▸ Required work
In this exercise, print only the lines of the records below from the one with "怎么選擇合適靠譜的植發(fā)醫(yī)生？小心植發(fā)陷阱！" through the one with "Akciğer Embolisi Nedi", inclusive. Pictures are not part of the copy.

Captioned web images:
[Start of section]
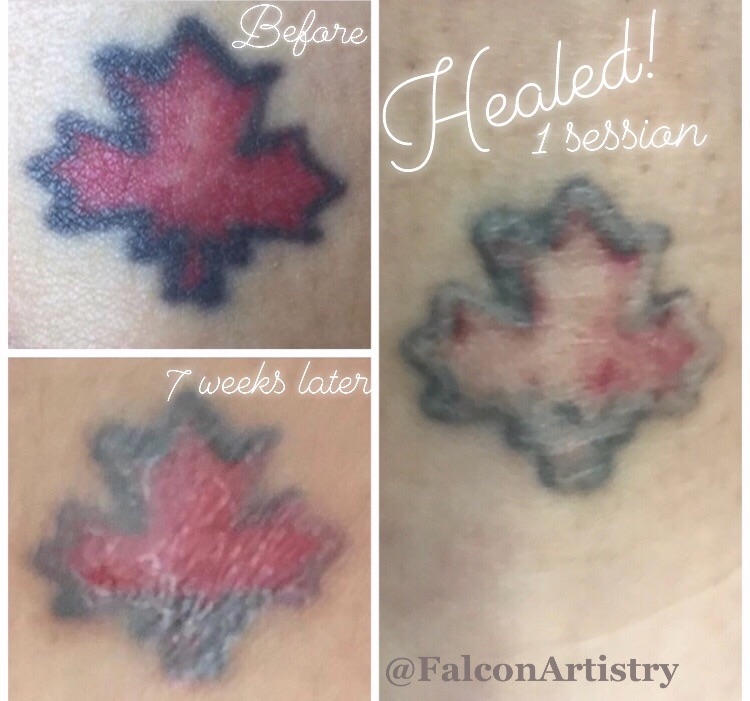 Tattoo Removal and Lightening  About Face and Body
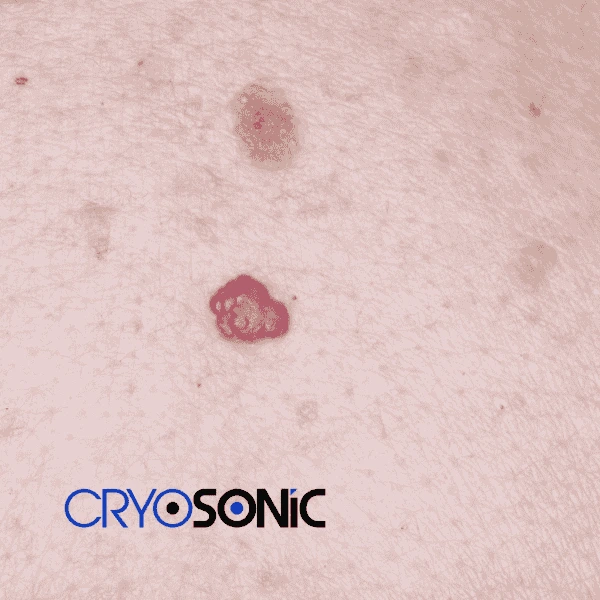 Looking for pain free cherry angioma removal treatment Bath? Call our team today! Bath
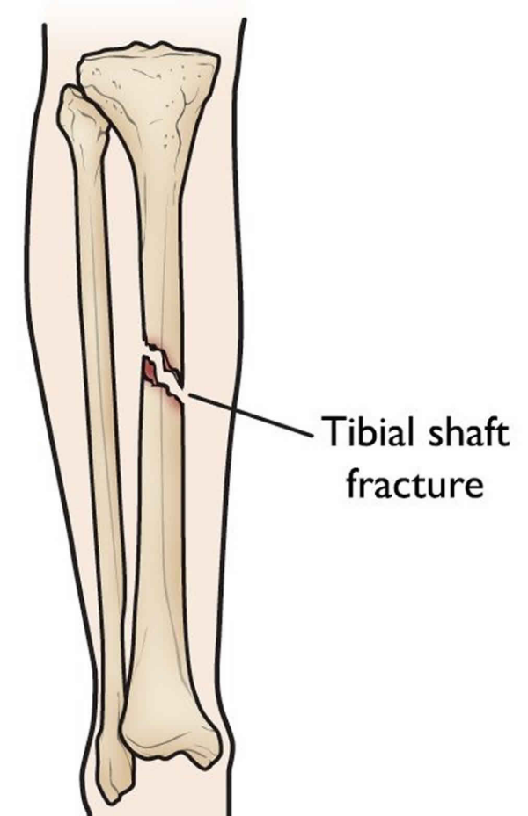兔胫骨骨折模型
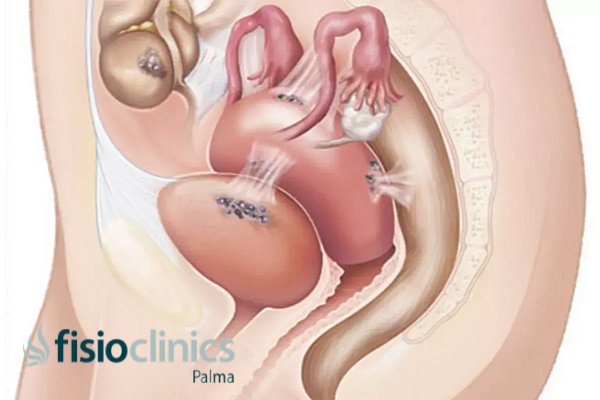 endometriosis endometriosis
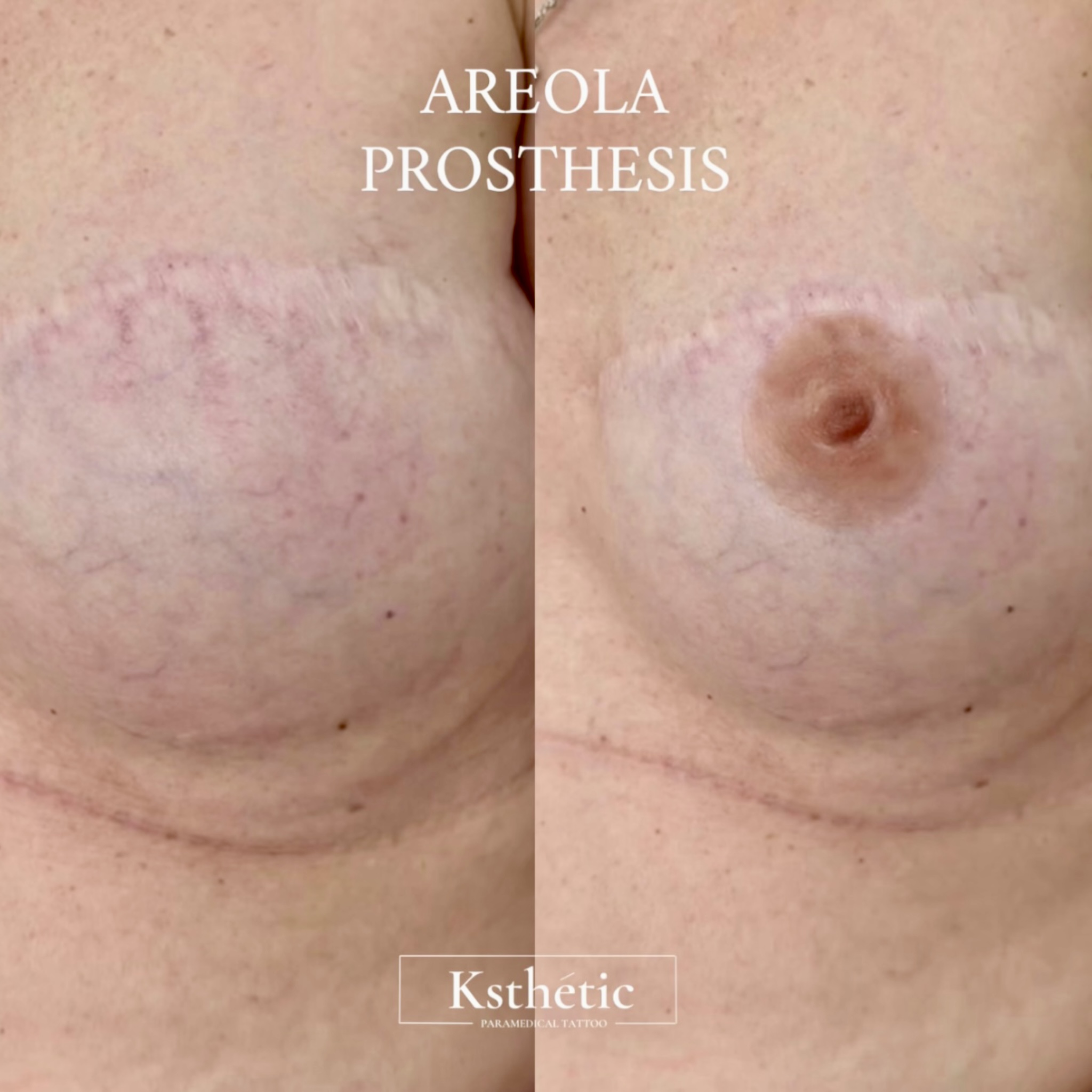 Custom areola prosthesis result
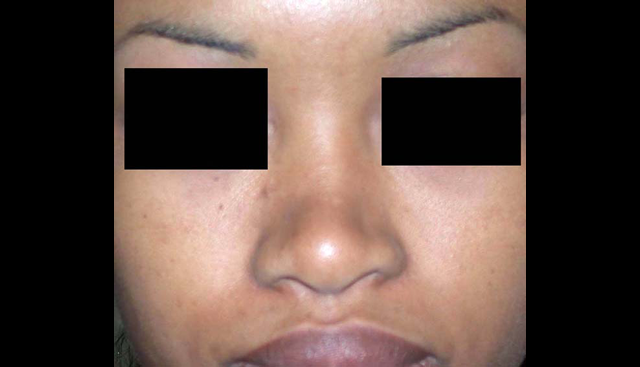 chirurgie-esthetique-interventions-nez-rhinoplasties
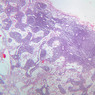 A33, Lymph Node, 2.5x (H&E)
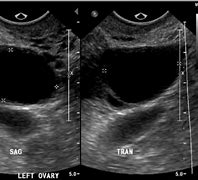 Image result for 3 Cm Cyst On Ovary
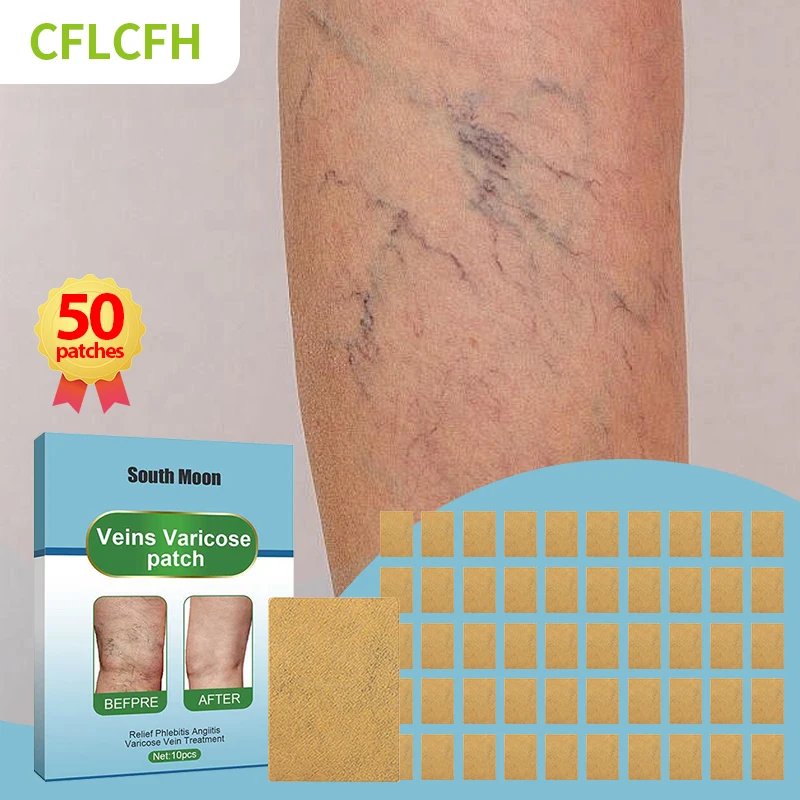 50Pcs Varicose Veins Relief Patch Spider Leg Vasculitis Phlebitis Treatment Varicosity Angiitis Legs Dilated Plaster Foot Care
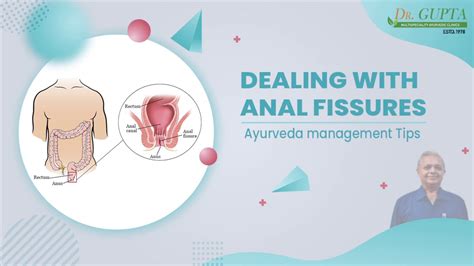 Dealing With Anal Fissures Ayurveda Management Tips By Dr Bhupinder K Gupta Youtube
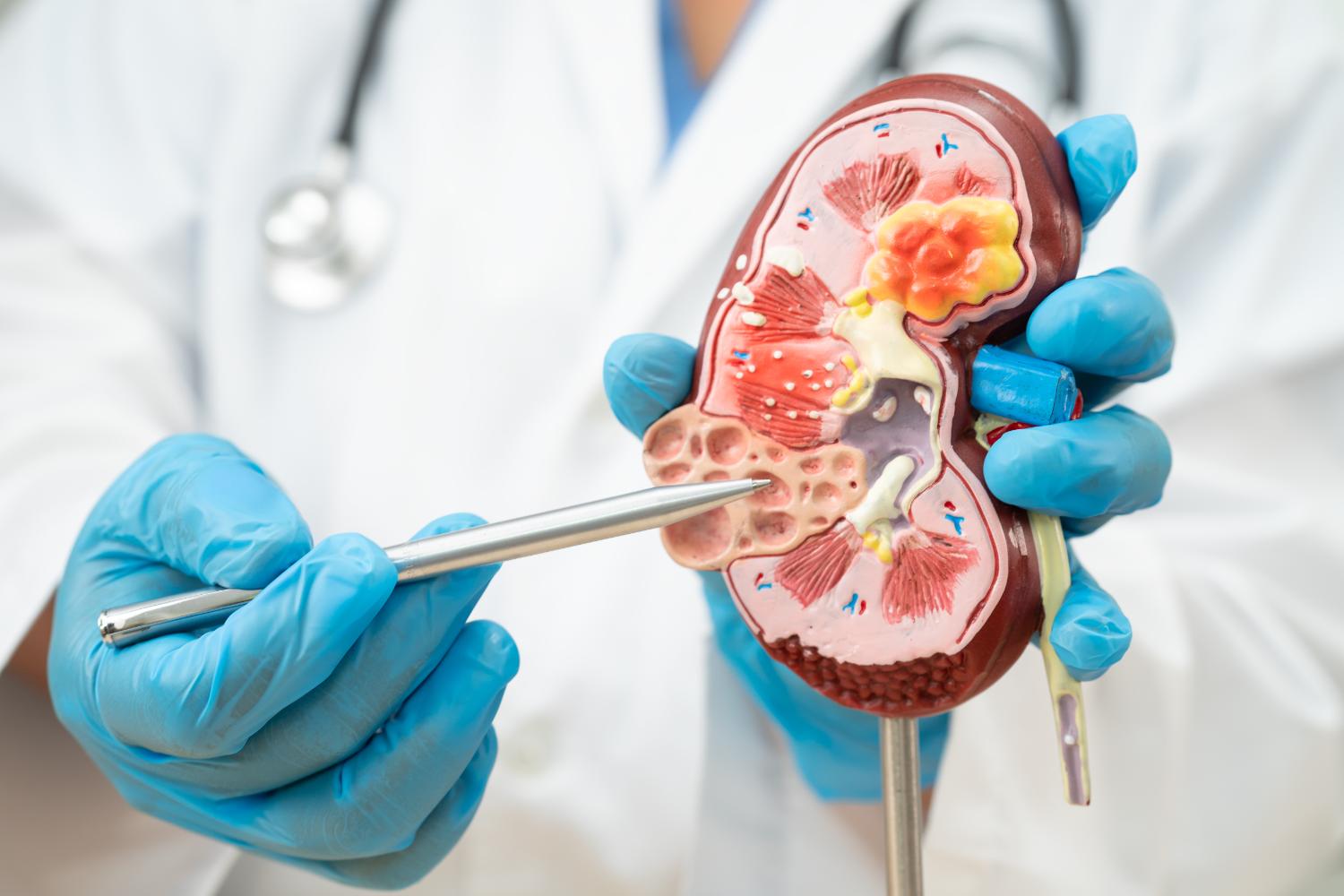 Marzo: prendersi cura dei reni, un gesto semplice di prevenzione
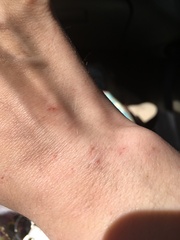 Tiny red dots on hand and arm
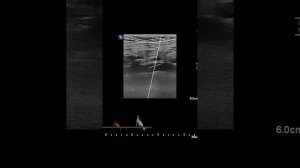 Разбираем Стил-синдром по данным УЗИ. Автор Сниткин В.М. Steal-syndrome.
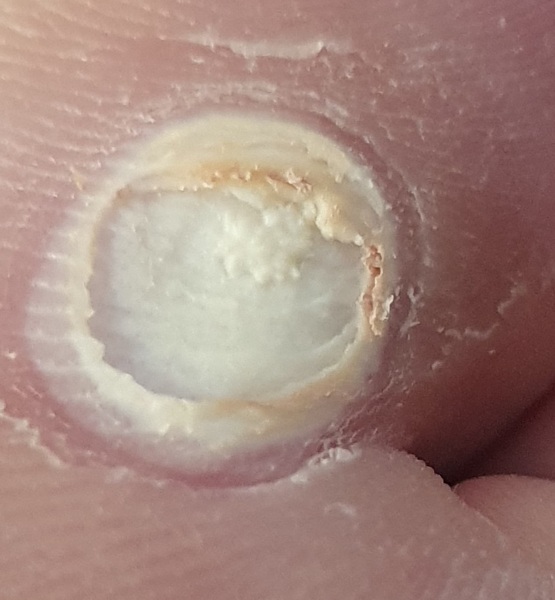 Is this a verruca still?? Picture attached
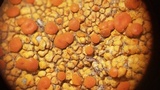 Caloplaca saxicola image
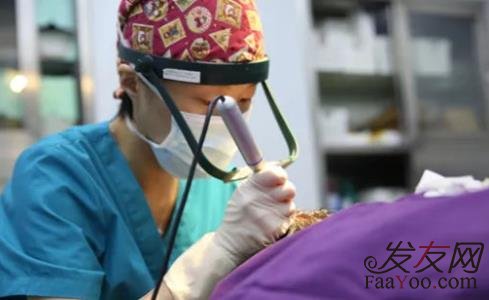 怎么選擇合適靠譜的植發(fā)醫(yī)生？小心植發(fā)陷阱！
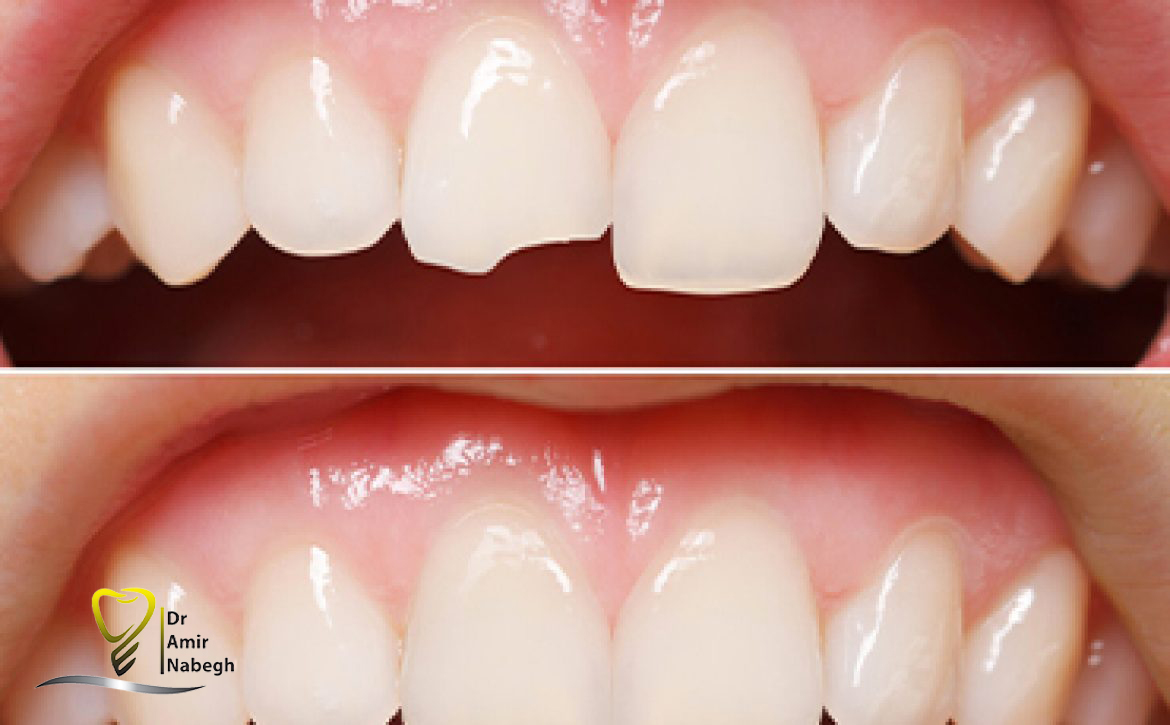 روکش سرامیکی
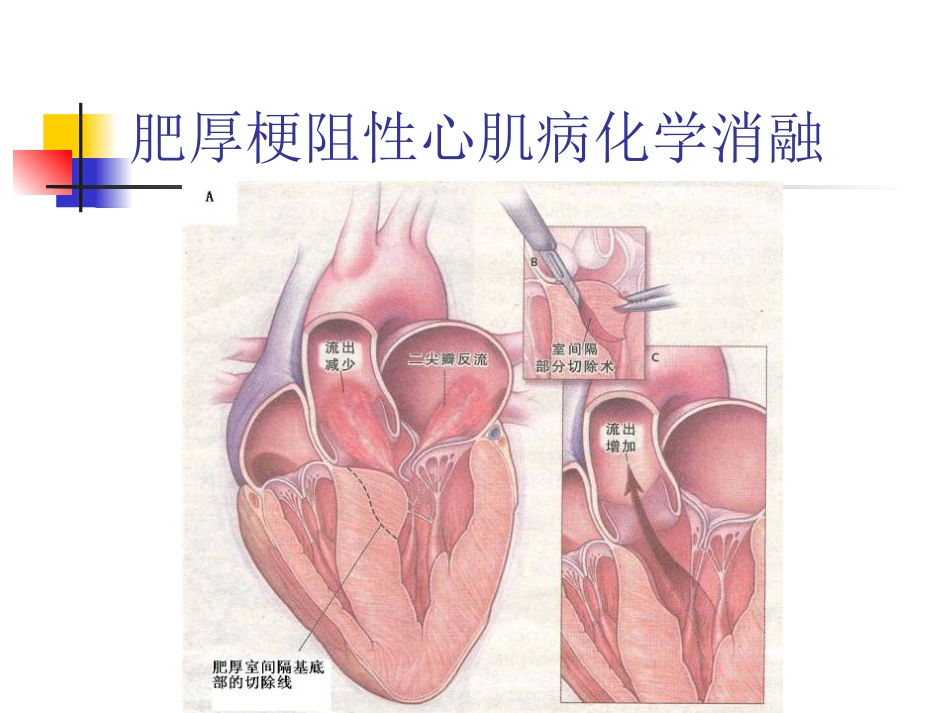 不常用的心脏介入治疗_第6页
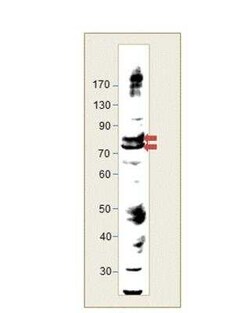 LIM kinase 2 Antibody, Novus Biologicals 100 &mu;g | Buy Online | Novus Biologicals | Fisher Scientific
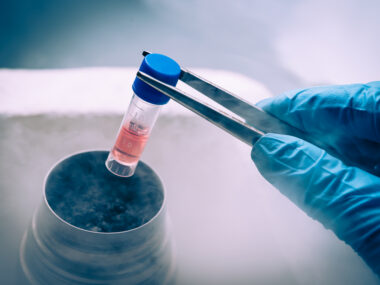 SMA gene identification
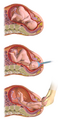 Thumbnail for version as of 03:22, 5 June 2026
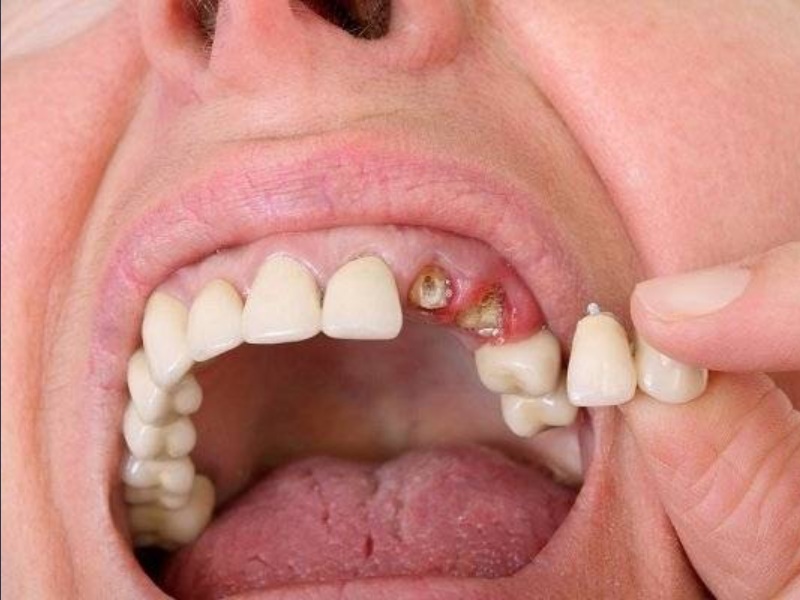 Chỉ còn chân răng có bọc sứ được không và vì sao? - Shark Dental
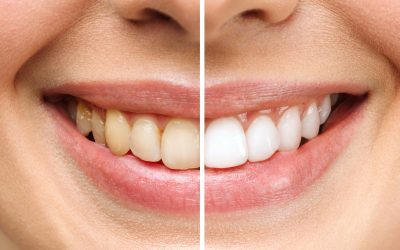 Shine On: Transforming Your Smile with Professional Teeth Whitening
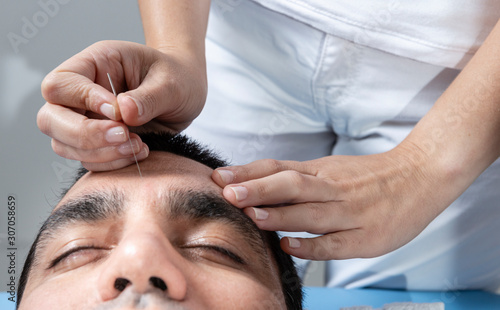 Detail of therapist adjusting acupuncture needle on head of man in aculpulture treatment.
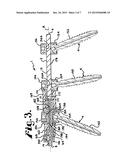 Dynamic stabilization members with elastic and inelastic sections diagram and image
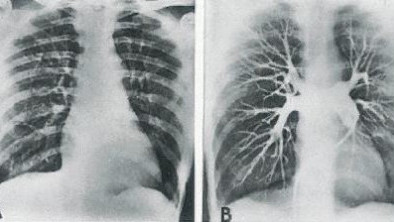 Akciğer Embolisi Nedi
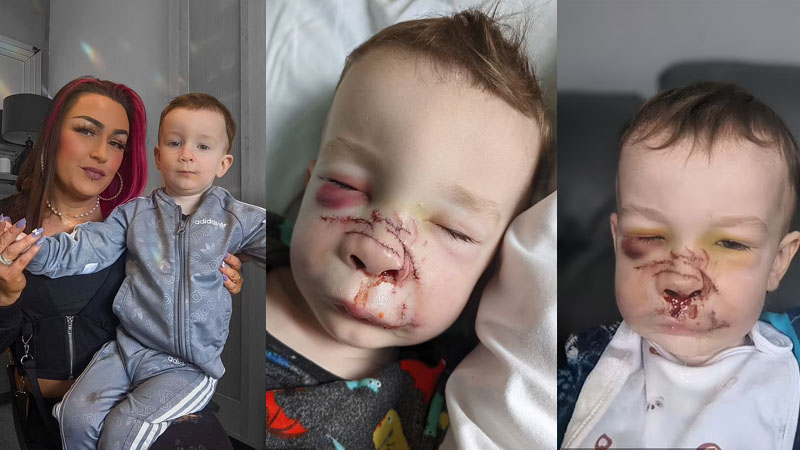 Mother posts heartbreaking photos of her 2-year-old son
[End of section]
▸ Finished task
 怎么選擇合適靠譜的植發(fā)醫(yī)生？小心植發(fā)陷阱！
 روکش سرامیکی
 不常用的心脏介入治疗_第6页
 LIM kinase 2 Antibody, Novus Biologicals 100 &mu;g | Buy Online | Novus Biologicals | Fisher Scientific
 SMA gene identification
 Thumbnail for version as of 03:22, 5 June 2026
 Chỉ còn chân răng có bọc sứ được không và vì sao? - Shark Dental
 Shine On: Transforming Your Smile with Professional Teeth Whitening
 Detail of therapist adjusting acupuncture needle on head of man in aculpulture treatment.
 Dynamic stabilization members with elastic and inelastic sections diagram and image
 Akciğer Embolisi Nedi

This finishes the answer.